• [TASK DESCRIPTION]: Every entry must be given again exactly. Include no pictures.

--- RECORDS FOR THE TASK ---

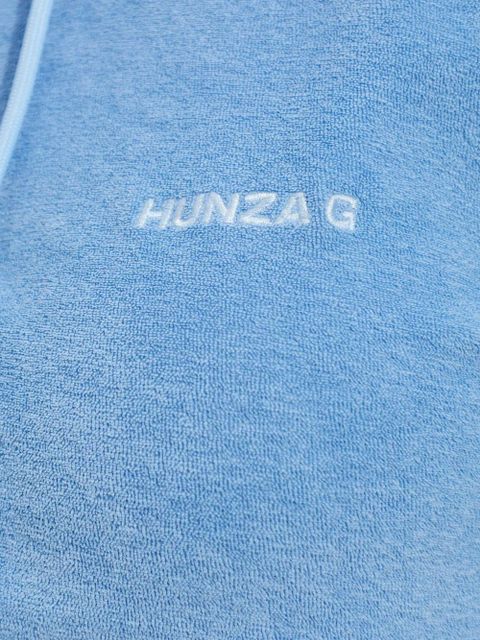 Hunza G Frotte towelling hoodie - Blue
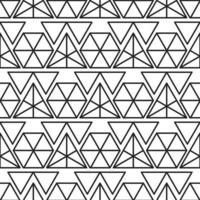 Seamless abstract geometric pattern vector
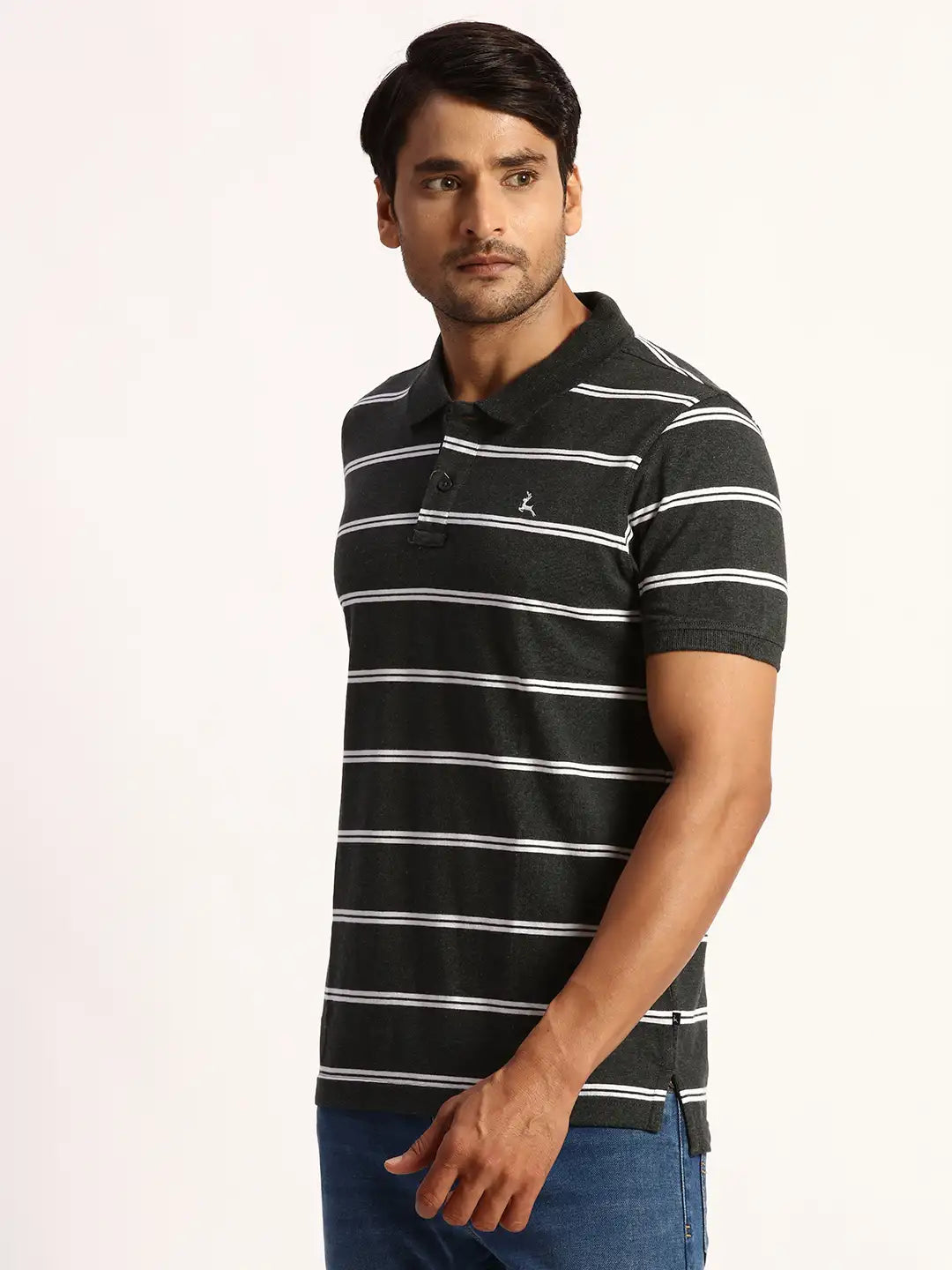 Men  Blue T-SHIRT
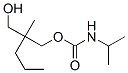 25462-17-3,2-(hydroxymethyl)-2-methylpentyl isopropyl-carbamate
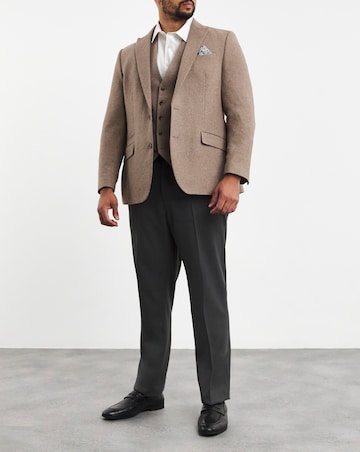 Oatmeal Donegal Regular Fit Suit Jacket
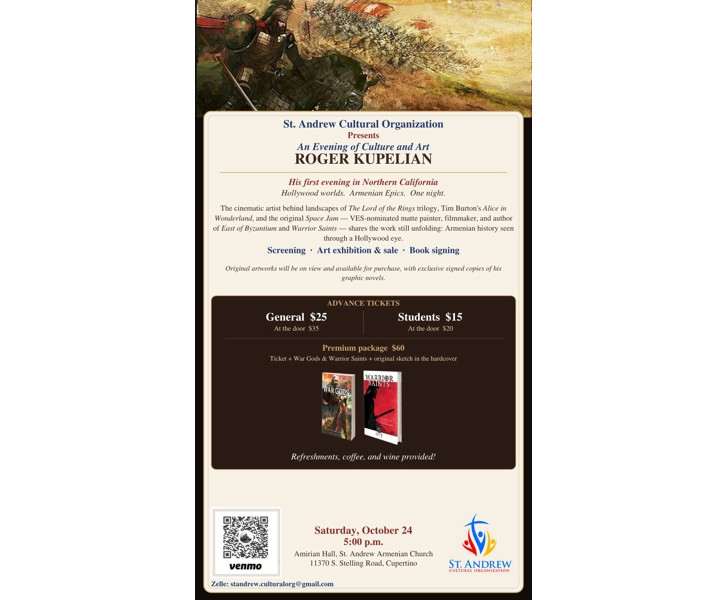 An Evening of Culture and Art - Roger Kupelian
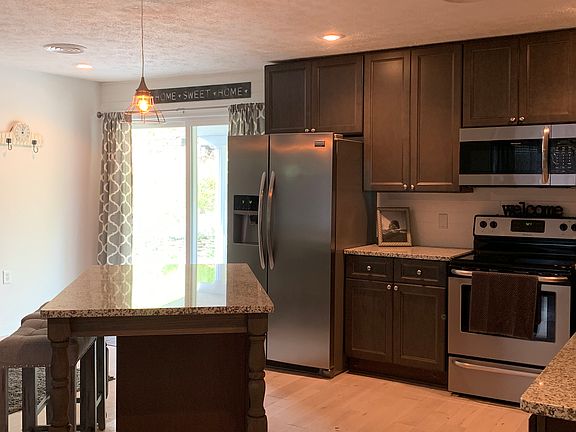 Kitchen & back sliding door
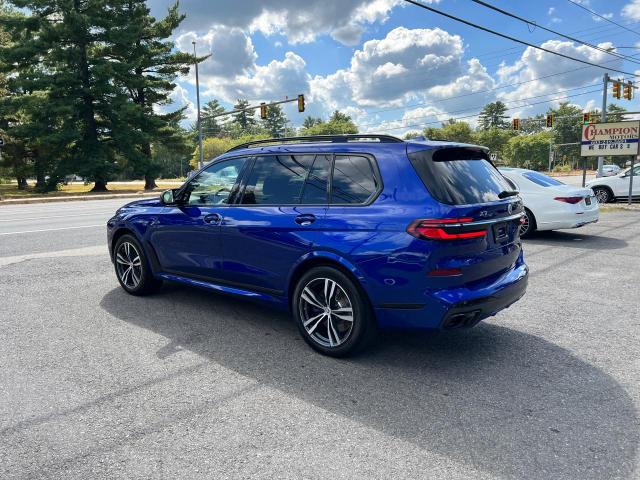 5UX33EM04P9R55092 - 2023 BMW X7 M60I BLUE photo 3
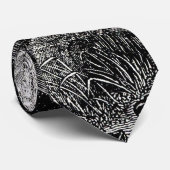 Dodo Antiek Print Stropdas (Opgerold)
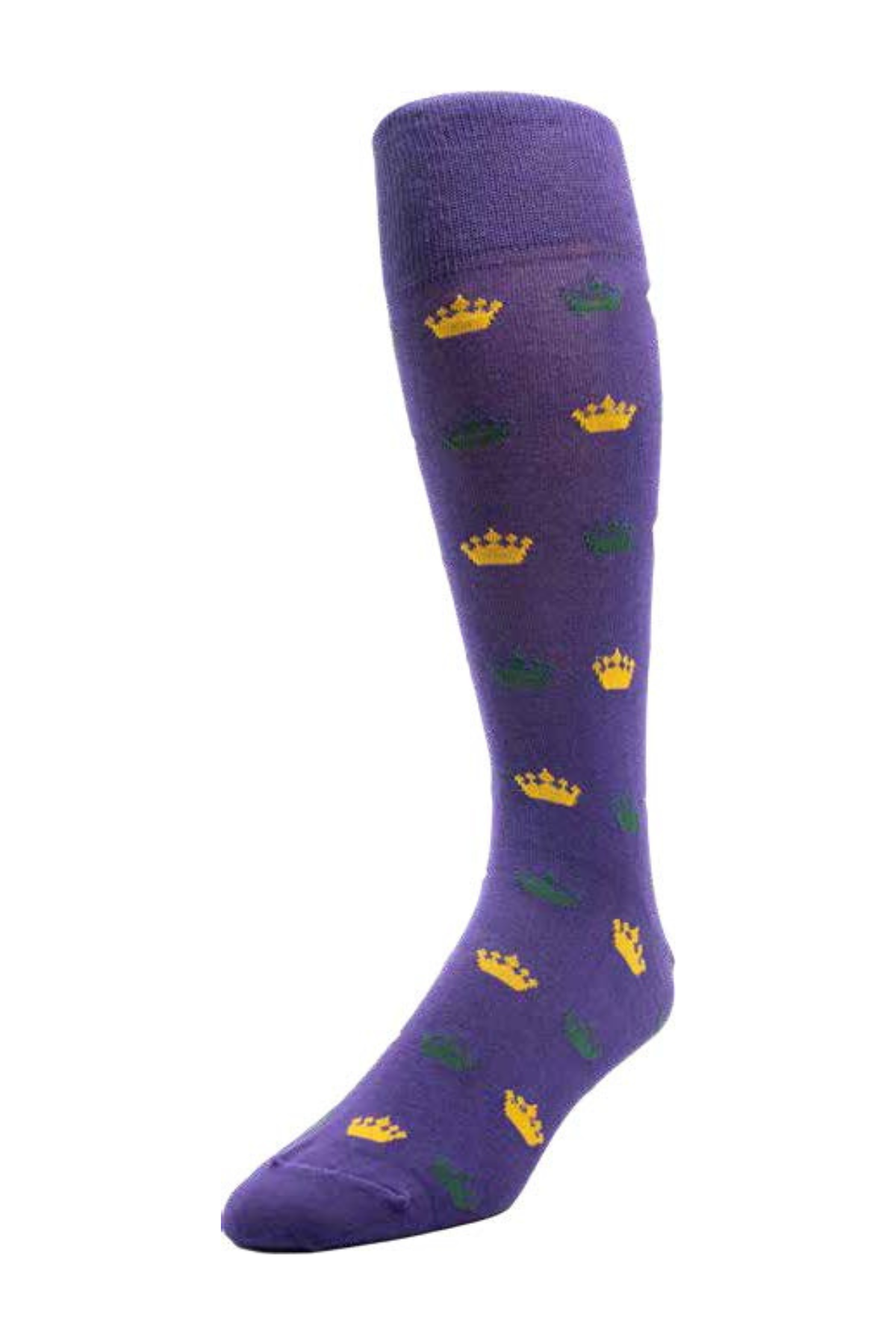 Crown Mardi Gras Socks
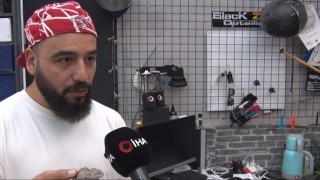 Orman yangınlarında yaralı bulunan Renkliye sosyal medyada büyük ilgi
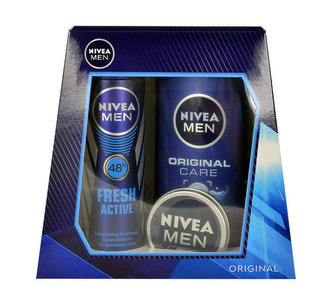 Nivea Men Original sprchový gel Men Original 250 ml + deodorant Men Fresh Active 150 ml + krém Men Creme 30 ml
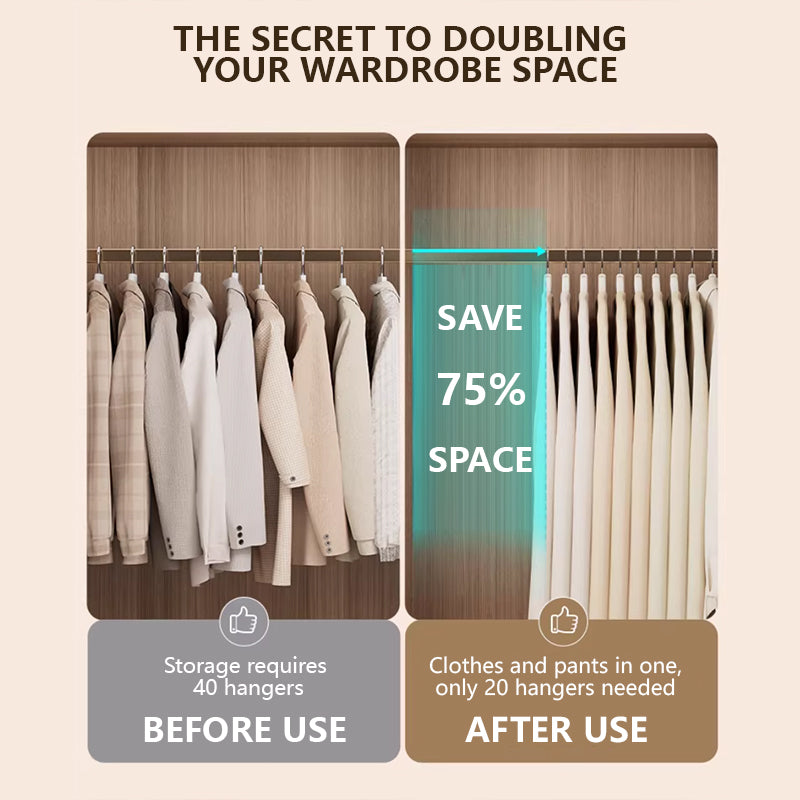 Space-Saving Velvet Hangers with Clips - Ultra Thin Non-Slip Hangers for Delicate Wear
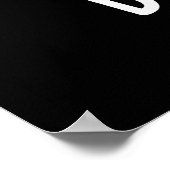 バンニーバおもしろいニーラビットブンプンダークBG ポスター (角)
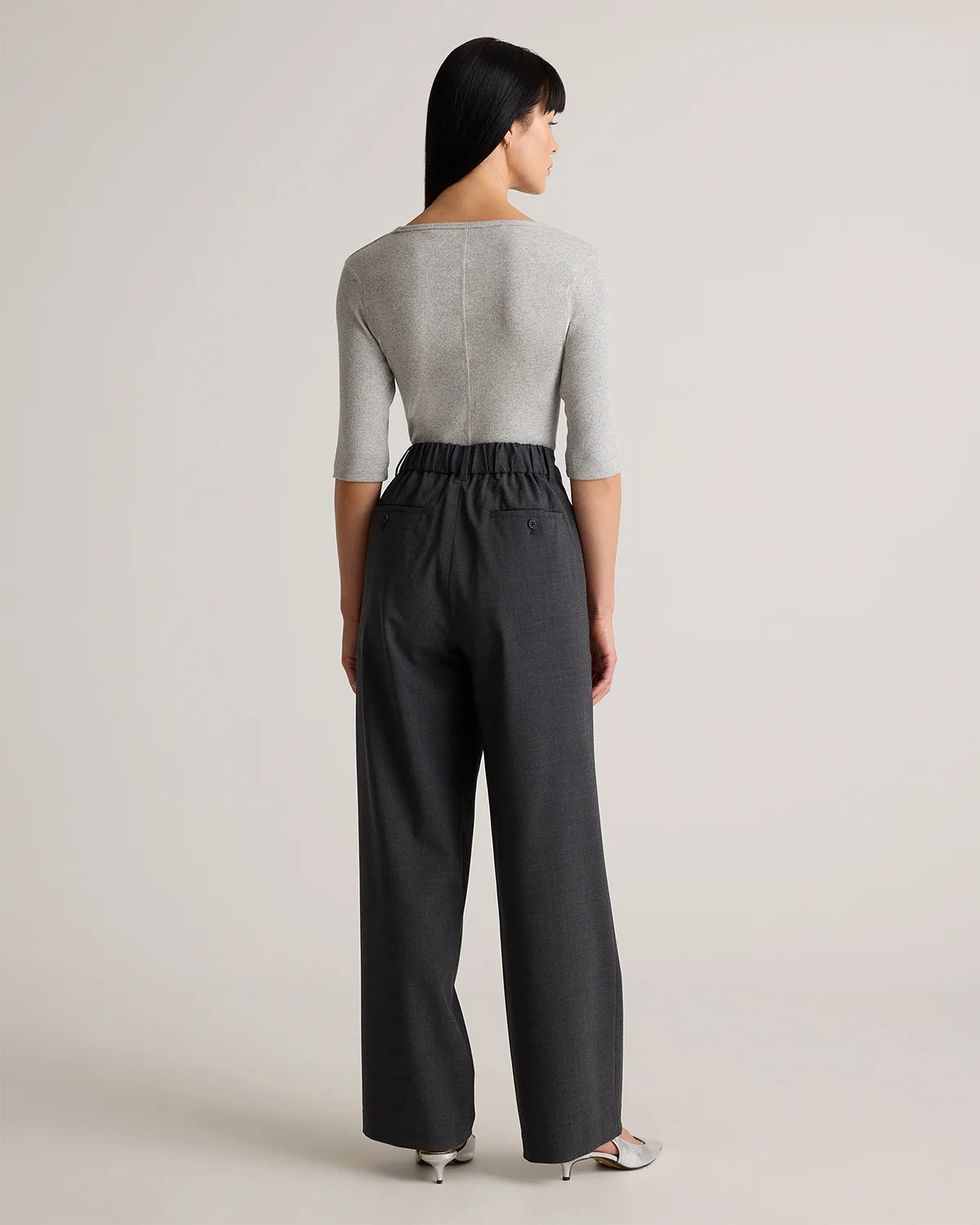 Italian Wool Pleated Trouser - 0 / Black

---

• [WRITTEN SOLUTION]:
 Hunza G Frotte towelling hoodie - Blue
 Seamless abstract geometric pattern vector
 Men  Blue T-SHIRT
 25462-17-3,2-(hydroxymethyl)-2-methylpentyl isopropyl-carbamate
 Oatmeal Donegal Regular Fit Suit Jacket
 An Evening of Culture and Art - Roger Kupelian
 Kitchen & back sliding door
 5UX33EM04P9R55092 - 2023 BMW X7 M60I BLUE photo 3
 Dodo Antiek Print Stropdas (Opgerold)
 Crown Mardi Gras Socks
 Orman yangınlarında yaralı bulunan Renkliye sosyal medyada büyük ilgi
 Nivea Men Original sprchový gel Men Original 250 ml + deodorant Men Fresh Active 150 ml + krém Men Creme 30 ml
 Space-Saving Velvet Hangers with Clips - Ultra Thin Non-Slip Hangers for Delicate Wear
 バンニーバおもしろいニーラビットブンプンダークBG ポスター (角)
 Italian Wool Pleated Trouser - 0 / Black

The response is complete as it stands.